La nube creció rápidamente, y deprisa pudo verse que no era sólo una nube, sino dos.
Salieron de casa, algo temerosos, los dos portugueses con la memoria bien fresca acerca de lo que había pasado en el Baikal. Tomás miró alrededor, calculando de dónde podría venir ayuda o por dónde podrían escapar, pero estaban en medio del desierto y no había ni un alma cerca.
– ¿No será mejor que nos metamos en el todoterreno? -preguntó señalando el Land Rover.
– Ya no tenemos tiempo -dijo Filipe-. De cualquier modo, no debe de ser nada especial. Hemos tomado todas las precauciones, ¿no?
– Bien… sí. Pero en Rusia yo también las había tomado y después pasó lo que pasó, ¿no? Y en Sídney también…
– Ahora es diferente. Hemos tenido mucho más cuidado.
El rugido de los motores acelerados reverberó por el desierto y los dos jeeps se acercaron rápidamente. Disminuyeron la marcha ya cerca de la casa y se separaron, uno para un lado y el otro para el otro; giraron en un movimiento de tijera y convergieron con gran aspaviento frente a la casa. Los motores rugían cuando llegaron a su destino y frenaron en medio de una nube de polvo tan grande que los tres hombres, inmóviles en el patio, tuvieron que taparse la cara, cerrar los ojos y contener la respiración, mientras el viento soplaba llevándose lejos todo aquel polvo.

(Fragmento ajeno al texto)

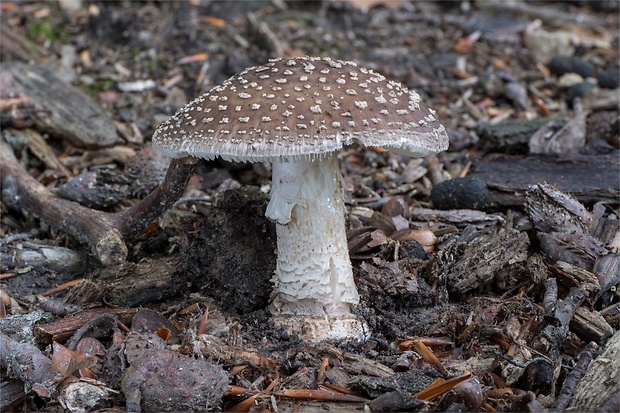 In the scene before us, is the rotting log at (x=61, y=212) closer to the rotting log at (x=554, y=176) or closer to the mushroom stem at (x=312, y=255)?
the mushroom stem at (x=312, y=255)

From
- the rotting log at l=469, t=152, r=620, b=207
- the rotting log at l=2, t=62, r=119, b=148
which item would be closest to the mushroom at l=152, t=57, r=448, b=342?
the rotting log at l=469, t=152, r=620, b=207

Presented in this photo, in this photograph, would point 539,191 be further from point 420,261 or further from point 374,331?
point 374,331

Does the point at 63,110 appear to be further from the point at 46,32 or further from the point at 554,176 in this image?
the point at 554,176

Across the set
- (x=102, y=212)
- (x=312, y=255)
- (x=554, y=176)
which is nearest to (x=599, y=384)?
(x=312, y=255)

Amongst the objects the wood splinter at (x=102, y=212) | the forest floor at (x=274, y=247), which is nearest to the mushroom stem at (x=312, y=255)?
the forest floor at (x=274, y=247)

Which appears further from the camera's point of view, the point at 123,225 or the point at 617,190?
the point at 617,190

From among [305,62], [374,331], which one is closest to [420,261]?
[374,331]

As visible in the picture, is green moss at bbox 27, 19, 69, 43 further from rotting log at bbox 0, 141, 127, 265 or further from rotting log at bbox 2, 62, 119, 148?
rotting log at bbox 0, 141, 127, 265
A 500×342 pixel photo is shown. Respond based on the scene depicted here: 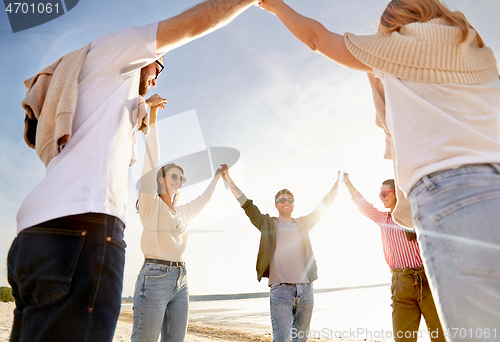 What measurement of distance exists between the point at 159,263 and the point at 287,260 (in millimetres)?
2192

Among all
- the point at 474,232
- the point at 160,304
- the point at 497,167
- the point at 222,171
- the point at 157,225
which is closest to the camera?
the point at 474,232

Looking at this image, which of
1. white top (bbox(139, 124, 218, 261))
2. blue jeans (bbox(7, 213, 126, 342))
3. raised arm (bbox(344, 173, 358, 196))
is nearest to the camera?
blue jeans (bbox(7, 213, 126, 342))

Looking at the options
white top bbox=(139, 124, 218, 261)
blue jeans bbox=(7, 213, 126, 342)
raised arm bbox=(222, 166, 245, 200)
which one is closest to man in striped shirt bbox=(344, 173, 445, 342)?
raised arm bbox=(222, 166, 245, 200)

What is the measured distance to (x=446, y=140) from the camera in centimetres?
128

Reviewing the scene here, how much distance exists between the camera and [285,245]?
17.7 feet

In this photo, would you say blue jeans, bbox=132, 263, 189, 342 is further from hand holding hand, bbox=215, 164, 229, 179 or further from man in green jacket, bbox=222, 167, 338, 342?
hand holding hand, bbox=215, 164, 229, 179

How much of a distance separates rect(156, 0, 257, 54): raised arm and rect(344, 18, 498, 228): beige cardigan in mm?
839

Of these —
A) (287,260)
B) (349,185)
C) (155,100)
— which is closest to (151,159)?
(155,100)

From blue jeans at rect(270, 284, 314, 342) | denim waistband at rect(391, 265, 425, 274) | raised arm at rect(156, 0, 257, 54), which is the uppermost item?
raised arm at rect(156, 0, 257, 54)

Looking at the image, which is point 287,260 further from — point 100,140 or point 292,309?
point 100,140

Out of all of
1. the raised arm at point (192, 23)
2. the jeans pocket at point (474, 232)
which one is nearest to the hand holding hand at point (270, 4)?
the raised arm at point (192, 23)

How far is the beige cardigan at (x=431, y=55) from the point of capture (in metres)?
1.41

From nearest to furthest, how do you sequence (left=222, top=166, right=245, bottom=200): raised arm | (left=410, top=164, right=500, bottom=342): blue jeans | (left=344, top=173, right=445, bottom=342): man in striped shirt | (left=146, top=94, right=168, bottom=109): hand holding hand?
(left=410, top=164, right=500, bottom=342): blue jeans → (left=146, top=94, right=168, bottom=109): hand holding hand → (left=344, top=173, right=445, bottom=342): man in striped shirt → (left=222, top=166, right=245, bottom=200): raised arm

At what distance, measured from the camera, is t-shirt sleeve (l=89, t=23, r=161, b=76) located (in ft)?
5.09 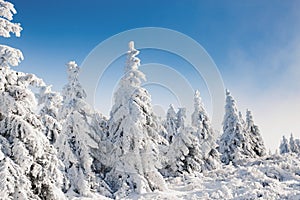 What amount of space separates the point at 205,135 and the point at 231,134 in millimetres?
10145

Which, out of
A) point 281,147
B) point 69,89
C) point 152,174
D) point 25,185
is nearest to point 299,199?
point 152,174

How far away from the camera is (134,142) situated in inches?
976

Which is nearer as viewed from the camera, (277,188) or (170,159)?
(277,188)

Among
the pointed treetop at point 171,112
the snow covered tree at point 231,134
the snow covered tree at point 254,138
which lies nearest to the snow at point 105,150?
the snow covered tree at point 231,134

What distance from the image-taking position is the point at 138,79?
1019 inches

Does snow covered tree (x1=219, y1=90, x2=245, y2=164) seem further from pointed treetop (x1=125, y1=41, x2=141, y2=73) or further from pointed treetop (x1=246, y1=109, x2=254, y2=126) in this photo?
pointed treetop (x1=125, y1=41, x2=141, y2=73)

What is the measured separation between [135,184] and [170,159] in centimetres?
819

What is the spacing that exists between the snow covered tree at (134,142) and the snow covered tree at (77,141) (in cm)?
174

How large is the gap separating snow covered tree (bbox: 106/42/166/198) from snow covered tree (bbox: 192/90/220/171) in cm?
1276

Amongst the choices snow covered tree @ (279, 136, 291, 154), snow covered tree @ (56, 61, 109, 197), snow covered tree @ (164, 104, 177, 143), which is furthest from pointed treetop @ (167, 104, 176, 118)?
snow covered tree @ (279, 136, 291, 154)

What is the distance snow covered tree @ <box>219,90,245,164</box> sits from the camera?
46.5 metres

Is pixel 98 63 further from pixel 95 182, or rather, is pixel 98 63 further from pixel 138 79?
pixel 95 182

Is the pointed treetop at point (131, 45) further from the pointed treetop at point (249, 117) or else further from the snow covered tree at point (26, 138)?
the pointed treetop at point (249, 117)

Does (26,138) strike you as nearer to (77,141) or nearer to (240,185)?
(77,141)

El polvo se asentó y se oyeron las puertas que se abrían. De la nube que se deshacía asomaron unos bultos, como si fuesen espectros surgiendo de la niebla. Los bultos se acercaron, despacio, y llevaban entre los brazos algo que parecían unos palos largos. Miraron mejor y los corazones se dispararon, desenfrenados. No eran palos.
Eran armas.
Los recién llegados venían armados; en las manos no llevaban unas armas cualesquiera; traían escopetas automáticas, claramente de arsenal militar. Los tres retrocedieron un paso y después otro, recelosos, hasta toparse con la fachada de la casa. No tenían hacia dónde huir.
Un bulto más macizo se distinguió entre los demás. Caminaba pesadamente y, al salir de la nube de polvo, Tomás logró por fin distinguir sus facciones.
– ¡Orlov!
El ruso se detuvo. Tenía la cara empapada de sudor; estaba claro que aquél no era el clima que más le gustaba.
– Hola, profesor. ¿Usted por aquí?
– Eso pregunto yo -exclamó el historiador, aún sorprendido-. ¿Cómo supo que yo estaba aquí?
– Digamos que tengo mis medios.
Filipe le tocó el brazo a Tomás.
– ¿Quién es?
Tomás dio un paso hacia un lado, facilitando el encuentro entre las dos partes.
– Ah, disculpa. -Señaló al ruso-. Este es Alexander Orlov, mi contacto de la Interpol. -Enseguida su mano apuntó a Filipe-. Orlov, éste es Filipe Madureira, mi amigo, el mismo que usted andaba buscando. -Hizo un gesto hacia el inglés-. Y éste es james Cummings, el físico de Oxford que también estaba desaparecido.
El físico y el geólogo avanzaron, extendiendo las manos para saludar al recién llegado, pero Orlov alzó la escopeta automática y los frenó con un gesto brusco.